# Required work
Your copy of the data should match it exactly, except that the pictures are gone.

....

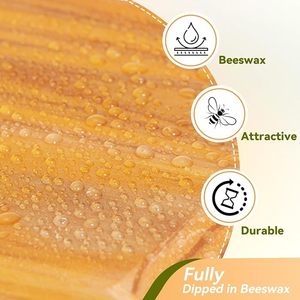 10 Frame Langstroth Beehive 2 Layers Complete <strong>Bee</strong> Hive Kit, 1 Deep Brood Box &amp; 1 Medium Super Box with Frames and Foundations - Product Image 3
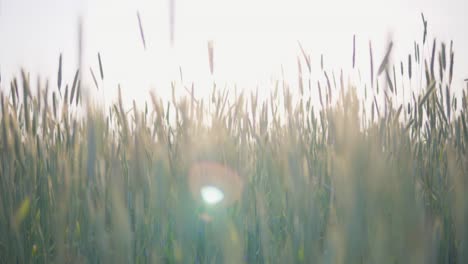 Slow-Motion,-View-of-a-cereal-field-during-sunset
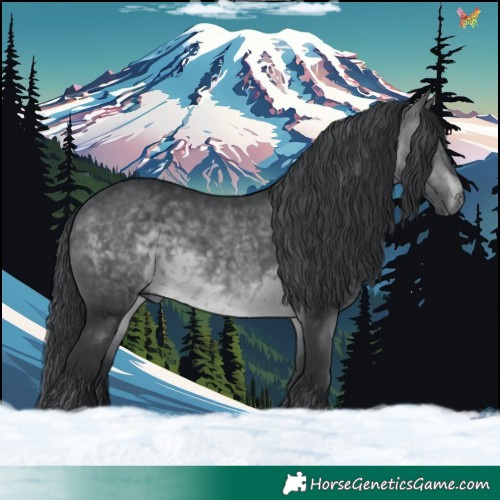 Horse Color:Brown Chinchilla 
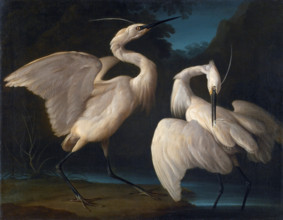 Two Birds, c1730-1740. Creator: Duranti, Giorgio (1683-1768).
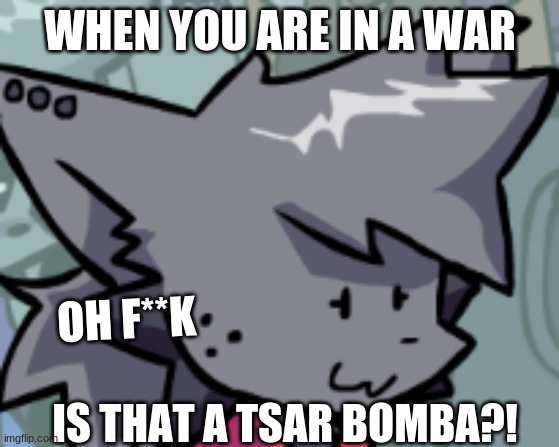 Kapi Oh F**k | WHEN YOU ARE IN A WAR; OH F**K; IS THAT A TSAR BOMBA?! | image tagged in meme,funny | made w/ Imgflip meme maker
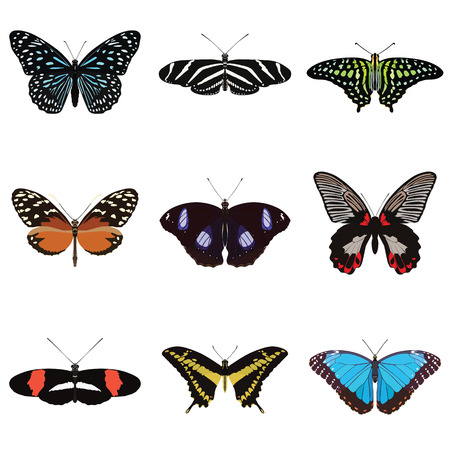 Set of nine butterfliesのイラスト素材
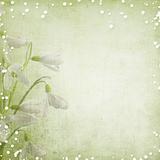 spring background with  snowdrops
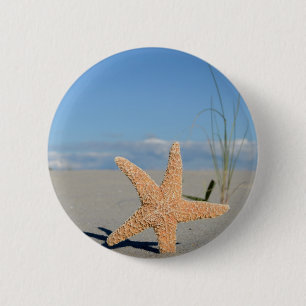 Seestern am Strand Knapp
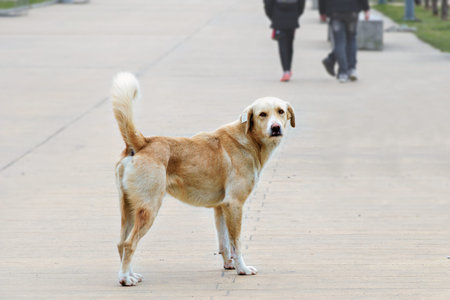 Lonely stray dog stands on the street and looks at the camera. Homeless animals in the city.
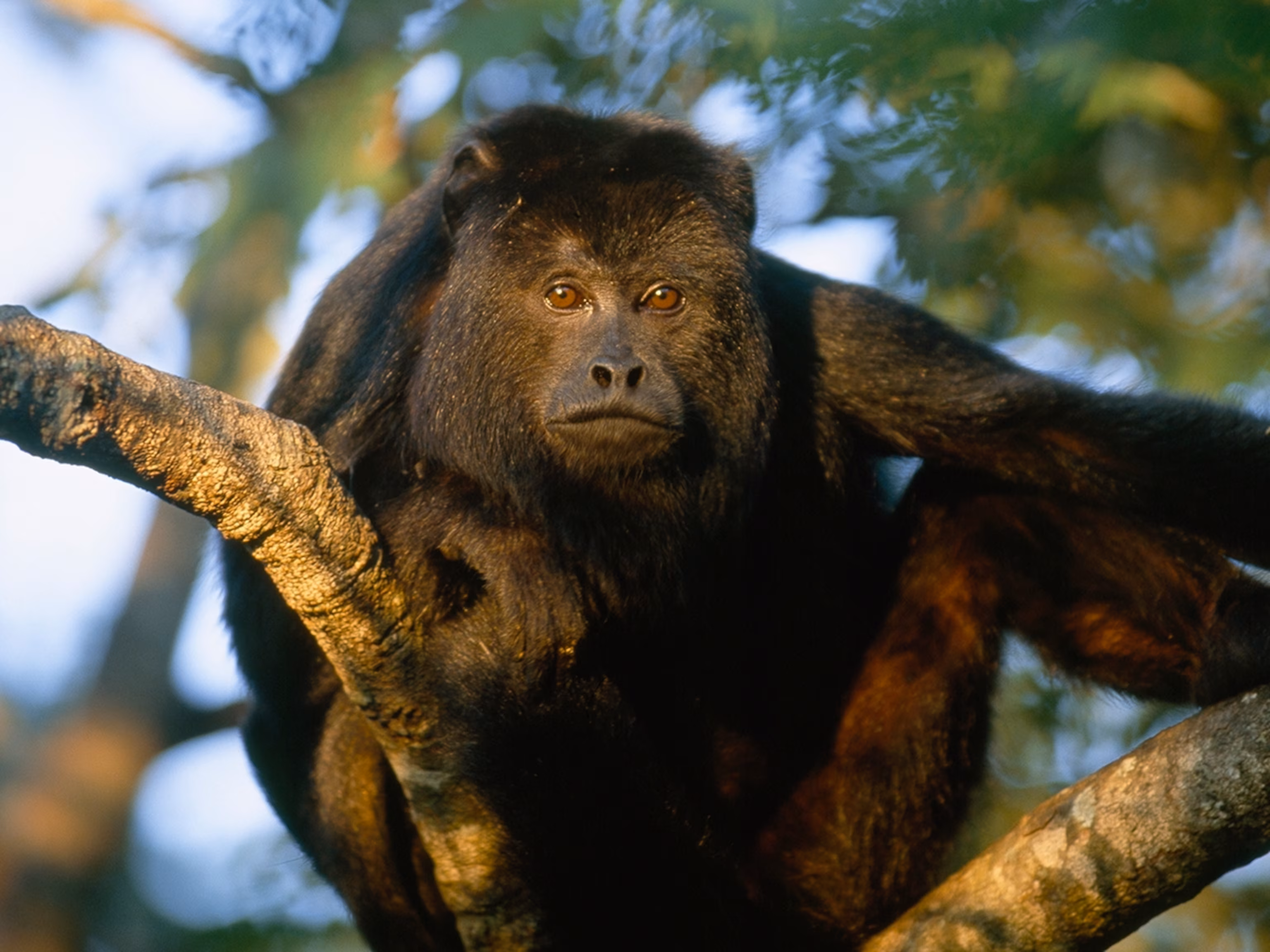<p>Howler monkey</p>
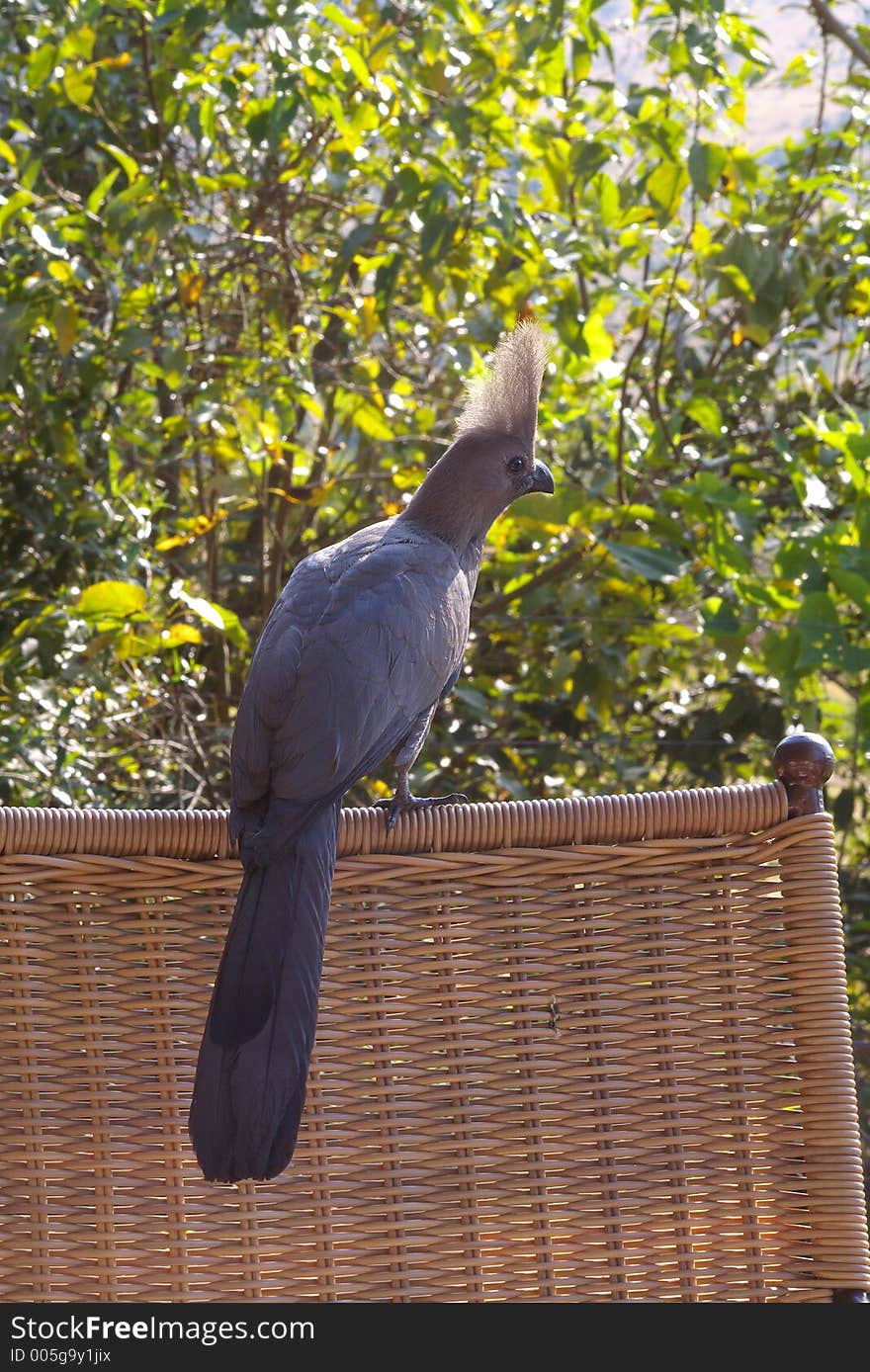 African Bird asking for food during morning breakfast.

....

# Answer to the exercise
 10 Frame Langstroth Beehive 2 Layers Complete <strong>Bee</strong> Hive Kit, 1 Deep Brood Box &amp; 1 Medium Super Box with Frames and Foundations - Product Image 3
 Slow-Motion,-View-of-a-cereal-field-during-sunset
 Horse Color:Brown Chinchilla 
 Two Birds, c1730-1740. Creator: Duranti, Giorgio (1683-1768).
 Kapi Oh F**k | WHEN YOU ARE IN A WAR; OH F**K; IS THAT A TSAR BOMBA?! | image tagged in meme,funny | made w/ Imgflip meme maker
 Set of nine butterfliesのイラスト素材
 spring background with  snowdrops
 Seestern am Strand Knapp
 Lonely stray dog stands on the street and looks at the camera. Homeless animals in the city.
<p>Howler monkey</p>
 African Bird asking for food during morning breakfast.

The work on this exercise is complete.